@Doombreed
Atoms are objects which consist of empty space, space where an object is not, and another is not either as you put it. There is literally nothing between the nucleus' closest electrons and the nucleus itself.
However, an atom consists of its nucleus, the electrons, AND the empty space, which collectively form the atom - an actual object.
@Doombreed
Before the big bang just might not exist as a state. It would be like saying "Before God" in your example, something that cannot exist.
I am pointing out that the Big Bang was supposed collision of particles, and something had to create those particles, or they would not have been there to make the Big Bang.
@Doombreed
did God need an actuality in order to happen? By your theory no. I am simply replacing, in your theory, the God, with the Big Bang. And I don't see why I can't replace it.
God could not be replaced by the Big Bang because the Big Bang requires pre-made particles to have happened. However, God does not require anything to happen because he is self-existant.
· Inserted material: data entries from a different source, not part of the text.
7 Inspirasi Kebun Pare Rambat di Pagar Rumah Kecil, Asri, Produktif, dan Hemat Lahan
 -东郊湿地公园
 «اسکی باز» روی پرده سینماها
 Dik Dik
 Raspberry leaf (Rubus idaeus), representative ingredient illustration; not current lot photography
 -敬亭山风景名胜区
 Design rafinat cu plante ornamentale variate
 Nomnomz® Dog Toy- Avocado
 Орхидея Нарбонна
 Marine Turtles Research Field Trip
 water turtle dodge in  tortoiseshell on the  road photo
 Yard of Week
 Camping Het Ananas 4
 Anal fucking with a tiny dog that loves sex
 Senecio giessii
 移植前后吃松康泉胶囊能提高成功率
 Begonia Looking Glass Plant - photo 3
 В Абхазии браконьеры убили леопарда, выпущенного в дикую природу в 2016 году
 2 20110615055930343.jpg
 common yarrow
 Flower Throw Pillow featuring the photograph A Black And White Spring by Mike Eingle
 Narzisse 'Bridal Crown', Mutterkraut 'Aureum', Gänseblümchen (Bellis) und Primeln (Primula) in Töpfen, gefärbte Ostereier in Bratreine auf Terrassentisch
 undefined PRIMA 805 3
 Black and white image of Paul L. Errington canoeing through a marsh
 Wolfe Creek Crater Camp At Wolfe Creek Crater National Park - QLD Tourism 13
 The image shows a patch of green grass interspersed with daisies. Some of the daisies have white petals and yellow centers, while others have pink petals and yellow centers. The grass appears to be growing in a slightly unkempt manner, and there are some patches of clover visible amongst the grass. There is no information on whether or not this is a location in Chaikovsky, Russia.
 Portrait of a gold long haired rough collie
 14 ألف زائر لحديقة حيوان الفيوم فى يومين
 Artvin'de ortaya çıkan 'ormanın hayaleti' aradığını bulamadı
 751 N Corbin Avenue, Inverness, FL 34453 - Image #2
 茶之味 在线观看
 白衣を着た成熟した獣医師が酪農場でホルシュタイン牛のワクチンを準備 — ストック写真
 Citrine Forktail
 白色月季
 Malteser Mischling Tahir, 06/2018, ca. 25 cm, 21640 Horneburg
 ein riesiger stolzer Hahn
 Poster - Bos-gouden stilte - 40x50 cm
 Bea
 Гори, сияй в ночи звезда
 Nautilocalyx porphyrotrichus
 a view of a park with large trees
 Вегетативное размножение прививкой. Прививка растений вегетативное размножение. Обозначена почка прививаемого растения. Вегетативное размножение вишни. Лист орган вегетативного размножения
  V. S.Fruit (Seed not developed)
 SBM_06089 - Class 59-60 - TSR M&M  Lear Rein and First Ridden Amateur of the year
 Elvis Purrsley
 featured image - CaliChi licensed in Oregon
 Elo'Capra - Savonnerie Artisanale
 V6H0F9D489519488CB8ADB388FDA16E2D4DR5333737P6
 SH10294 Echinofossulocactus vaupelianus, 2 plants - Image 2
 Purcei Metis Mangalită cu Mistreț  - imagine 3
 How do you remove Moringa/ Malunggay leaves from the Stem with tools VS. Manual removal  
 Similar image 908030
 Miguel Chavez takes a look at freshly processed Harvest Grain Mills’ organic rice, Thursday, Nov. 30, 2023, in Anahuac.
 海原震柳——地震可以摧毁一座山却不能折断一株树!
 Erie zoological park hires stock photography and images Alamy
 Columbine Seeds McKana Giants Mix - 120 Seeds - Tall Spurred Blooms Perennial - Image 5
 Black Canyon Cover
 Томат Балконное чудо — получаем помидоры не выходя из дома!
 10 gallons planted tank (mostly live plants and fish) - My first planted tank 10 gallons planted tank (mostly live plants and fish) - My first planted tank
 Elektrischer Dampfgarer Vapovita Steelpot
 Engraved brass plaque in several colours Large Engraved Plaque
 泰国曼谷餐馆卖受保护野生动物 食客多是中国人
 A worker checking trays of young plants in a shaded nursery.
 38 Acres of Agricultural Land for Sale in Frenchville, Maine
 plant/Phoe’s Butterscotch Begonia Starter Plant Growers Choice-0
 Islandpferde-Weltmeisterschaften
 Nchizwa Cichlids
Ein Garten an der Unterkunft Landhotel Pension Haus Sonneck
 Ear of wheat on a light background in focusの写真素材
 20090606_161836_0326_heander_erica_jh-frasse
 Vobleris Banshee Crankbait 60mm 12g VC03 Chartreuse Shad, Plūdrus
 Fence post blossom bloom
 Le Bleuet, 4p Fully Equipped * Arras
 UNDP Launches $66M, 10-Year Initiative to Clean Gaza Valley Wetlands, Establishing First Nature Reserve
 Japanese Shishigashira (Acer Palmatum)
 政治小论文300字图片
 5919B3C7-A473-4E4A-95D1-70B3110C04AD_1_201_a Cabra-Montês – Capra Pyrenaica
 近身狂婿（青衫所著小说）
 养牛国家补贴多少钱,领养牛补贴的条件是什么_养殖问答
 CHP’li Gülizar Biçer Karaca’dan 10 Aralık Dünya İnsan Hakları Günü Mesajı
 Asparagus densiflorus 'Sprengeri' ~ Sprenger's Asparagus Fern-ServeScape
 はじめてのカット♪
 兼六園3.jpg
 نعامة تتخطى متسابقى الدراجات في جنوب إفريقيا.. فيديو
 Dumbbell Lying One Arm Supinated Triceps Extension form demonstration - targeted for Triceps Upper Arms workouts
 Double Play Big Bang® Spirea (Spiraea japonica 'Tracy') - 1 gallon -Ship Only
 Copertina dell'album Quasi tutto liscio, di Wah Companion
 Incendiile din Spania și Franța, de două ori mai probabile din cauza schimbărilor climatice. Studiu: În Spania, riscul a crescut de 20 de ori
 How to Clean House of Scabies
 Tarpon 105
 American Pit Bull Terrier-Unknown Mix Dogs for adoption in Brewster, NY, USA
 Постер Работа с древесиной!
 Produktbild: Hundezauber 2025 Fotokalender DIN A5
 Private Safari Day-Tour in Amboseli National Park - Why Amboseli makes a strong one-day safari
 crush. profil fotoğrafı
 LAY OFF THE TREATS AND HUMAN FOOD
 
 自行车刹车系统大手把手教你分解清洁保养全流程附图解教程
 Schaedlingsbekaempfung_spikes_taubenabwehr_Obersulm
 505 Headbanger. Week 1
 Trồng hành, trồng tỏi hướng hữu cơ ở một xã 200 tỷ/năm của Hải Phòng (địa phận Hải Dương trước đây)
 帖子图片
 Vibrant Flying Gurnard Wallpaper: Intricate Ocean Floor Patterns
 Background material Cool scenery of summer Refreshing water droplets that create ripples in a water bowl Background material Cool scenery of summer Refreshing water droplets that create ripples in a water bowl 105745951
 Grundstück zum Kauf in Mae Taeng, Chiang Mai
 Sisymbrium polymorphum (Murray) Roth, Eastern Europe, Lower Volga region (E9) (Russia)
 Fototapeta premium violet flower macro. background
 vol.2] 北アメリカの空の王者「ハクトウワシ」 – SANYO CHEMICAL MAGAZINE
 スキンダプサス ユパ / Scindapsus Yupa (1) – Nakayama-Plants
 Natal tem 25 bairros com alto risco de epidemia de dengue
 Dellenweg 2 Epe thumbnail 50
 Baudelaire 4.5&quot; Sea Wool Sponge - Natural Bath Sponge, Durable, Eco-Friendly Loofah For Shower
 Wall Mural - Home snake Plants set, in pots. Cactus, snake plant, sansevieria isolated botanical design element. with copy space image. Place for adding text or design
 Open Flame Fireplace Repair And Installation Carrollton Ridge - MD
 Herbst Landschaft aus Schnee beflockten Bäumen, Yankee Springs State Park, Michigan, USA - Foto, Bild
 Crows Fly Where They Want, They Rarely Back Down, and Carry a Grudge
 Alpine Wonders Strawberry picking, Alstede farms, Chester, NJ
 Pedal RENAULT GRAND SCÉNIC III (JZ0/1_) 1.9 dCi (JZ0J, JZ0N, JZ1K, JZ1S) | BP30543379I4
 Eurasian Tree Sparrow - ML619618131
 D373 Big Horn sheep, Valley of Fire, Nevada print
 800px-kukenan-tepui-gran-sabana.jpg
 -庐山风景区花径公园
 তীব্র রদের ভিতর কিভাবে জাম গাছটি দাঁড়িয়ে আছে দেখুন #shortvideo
The Big Bang is not self-existant because it was a potential put into actuality by particles.
@Doombreed
But there might not have been. There simply might not have been a cause for it. Hell there might not have been time itself before that. "Let's say there was something before the Big Bang that caused it to happen" are 2 distinct hypotheses. You are assuming that 1) there even was a "before the big bang in the first place" and 2) "that something caused the Big Bang to happen". According to science, both of these might be false. Not to mention you can't base proof of God's existence on 2 possibly false assumptions.
If the Big Bang was the collision of particles, then we have to ask, what put those particles into actuality? It is impossible for particles to put themselves into actuality, for without the actual the potential cannot exist.
@Doombreed
The Big Bang is an event, it wasn't created, it happened. The earliest state of the universe is DURING the Big Bang, because before the big bang might simply not exist as a thing. So yes, the Big Bang might have happened of itself. If before the Big Bang is not possible, then certainly. And in any event, why MUST there be a "before the Big Bang" but there can't be a "before God" in your theory?
The Big Bang couldn't have existed of itself unless it created the particles of which it was formed before it happened. There can be no "before God" because God is self-existing, so He always was. God is. The Big Bang was.
@Doombreed
Time is the fourth dimension according to certain theoretical scientists.. Time itself suffers completely unnatural alterations when approaching the speed of light. If Time was a human construct, then it would keep "flowing" at the same rate regardless of where we are, and how fast we travel. Yet the faster we travel, the slower time flows, until we reach a speed near the speed of light during which time almost freezes.
Time is not a dimension because it exerts no power upon objects. Time is an idea. Time does not suffer "alterations" when approaching the speed of light, but it is the speed of which potentials become actualities, that suffers "alterations." Also, nobody has ever traveled at the speed of light, so to say that time suffers "alterations" is a hypothesis, nothing more.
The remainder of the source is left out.